• Post Reply Bookmark Topic Watch Topic
  • New Topic

Dividing a string into substrings  RSS feed

 
Ranch Hand
Posts: 206
1
  • Mark post as helpful
  • send pies
  • Quote
  • Report post to moderator
I would like to take a large string of characters and divide it into substrings. The maximum length of a substring is 180 characters. Also, the substrings should not be cut off in the middle of a word. The substring should end with the last character of a word or with a period. It is ok if the substring begins in the middle of a sentence. However, I do not want the substrings to begin in the middle of a word. How can I do this?
 
Sheriff
Posts: 22845
43
Eclipse IDE Firefox Browser MySQL Database
  • Mark post as helpful
  • send pies
  • Quote
  • Report post to moderator
Start at position 179 of the string (or at the end if it isn't that long) and work backwards until you hit the end of a word or a period. Chop that segment off and throw it into your pot, then repeat until there's nothing left. Note that the end of a word can be followed by a space, or by a non-period punctuation mark like a comma, or by the end of the string. Be careful not to go past the end of the string in the latter case.

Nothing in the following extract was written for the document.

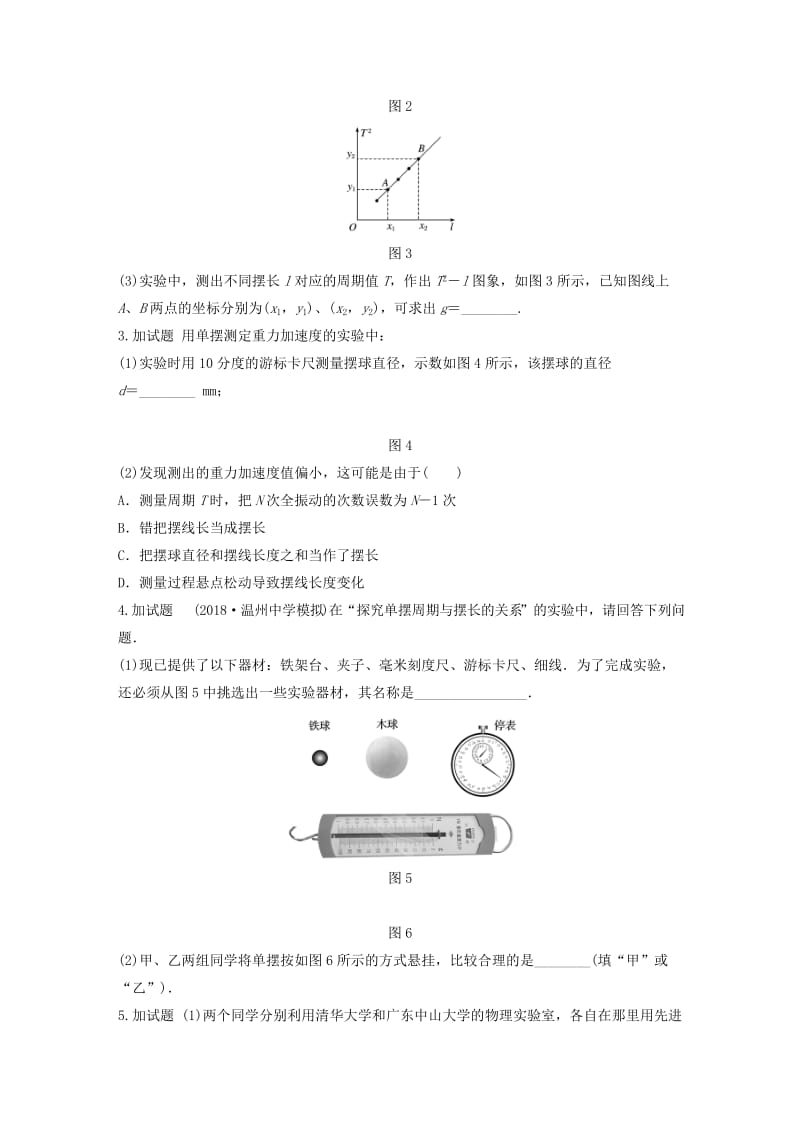 （浙江专用）备战2019高考物理一轮复习 第二部分 实验题部分 精练5-6 探究单摆周期与摆长的关系 探究碰撞中的不变量.doc_第2页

Presumably you want to discard the space after the end of a segment, or perhaps you want to keep it at the beginning of the next segment? You said you wanted to keep a period at the end of a segment but you were silent about how to handle spaces.

Also if you have bad data it's possible that your string might start with a single word longer than 180 characters. Perhaps you just want to chop it off at 180 characters? Or throw an exception? Anyway you should be careful to deal with this, or you'll go past the beginning of the string.
 
Master Rancher
Posts: 2045
75
  • Mark post as helpful
  • send pies
  • Quote
  • Report post to moderator
That should work, but my first thought was: can't you use some regex for this, maybe checking the
results for this length condition afterwards?

Greetz,
Piet
 
Bartender
Posts: 1166
17
Java Linux Netbeans IDE
  • Mark post as helpful
  • send pies
  • Quote
  • Report post to moderator
Piet Souris wrote:That should work, but my first thought was: can't you use some regex for this, maybe checking the
results for this length condition afterwards?

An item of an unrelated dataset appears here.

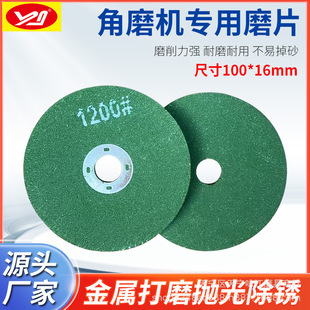 100*6*16 hole grinding wheel ultra-fine angle grinder grinding wheel grinding kitchen knife grinding sheet hand electric drill polishing artifact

Using regular expressions it is relatively easy to split at a word boundary after a minimum number characters but significantly more difficult to split just before a maximum number of characters. I spent a whole day looking at the problem in 2009 ( reported in 'another place' ) and failed to find a satisfactory regular expression solution. I love regular expressions but for this problem the best solution seems to be that proposed by Paul Clapham.

If anyone can provide a regular expression solution that does not involve several loops then please post it.
 
lowercase baba
Bartender
Posts: 12565
49
Chrome Java Linux
  • Likes 1
  • Mark post as helpful
  • send pies
  • Quote
  • Report post to moderator
Can you use a regex? maybe.

SHOULD you? probably not.

You should never approach a problem with "How do I use A to to B?" Instead, you should spend a lot of time thinking through what needs to be done (you failed to mention other punctuation, what to do if your string has a monetary value like "$4.87", etc).

Only once you know all the details on what needs to be done should you start asking "what is the RIGHT tool to do this?"
 
Richard Tookey
Bartender
Posts: 1166
17
Java Linux Netbeans IDE
  • Mark post as helpful
  • send pies
  • Quote
  • Report post to moderator
fred rosenberger wrote:Can you use a regex? maybe.

SHOULD you? probably not.

I think you need to justify this. I can't find a way to use regex for this task but since the problem is one of text manipulation and regular expressions deal with text manipulation I don't rule it out as a matter or course and I don't think you should.


You should never approach a problem with "How do I use A to to B?" Instead, you should spend a lot of time thinking through what needs to be done (you failed to mention other punctuation, what to do if your string has a monetary value like "$4.87", etc).

Only once you know all the details on what needs to be done should you start asking "what is the RIGHT tool to do this?"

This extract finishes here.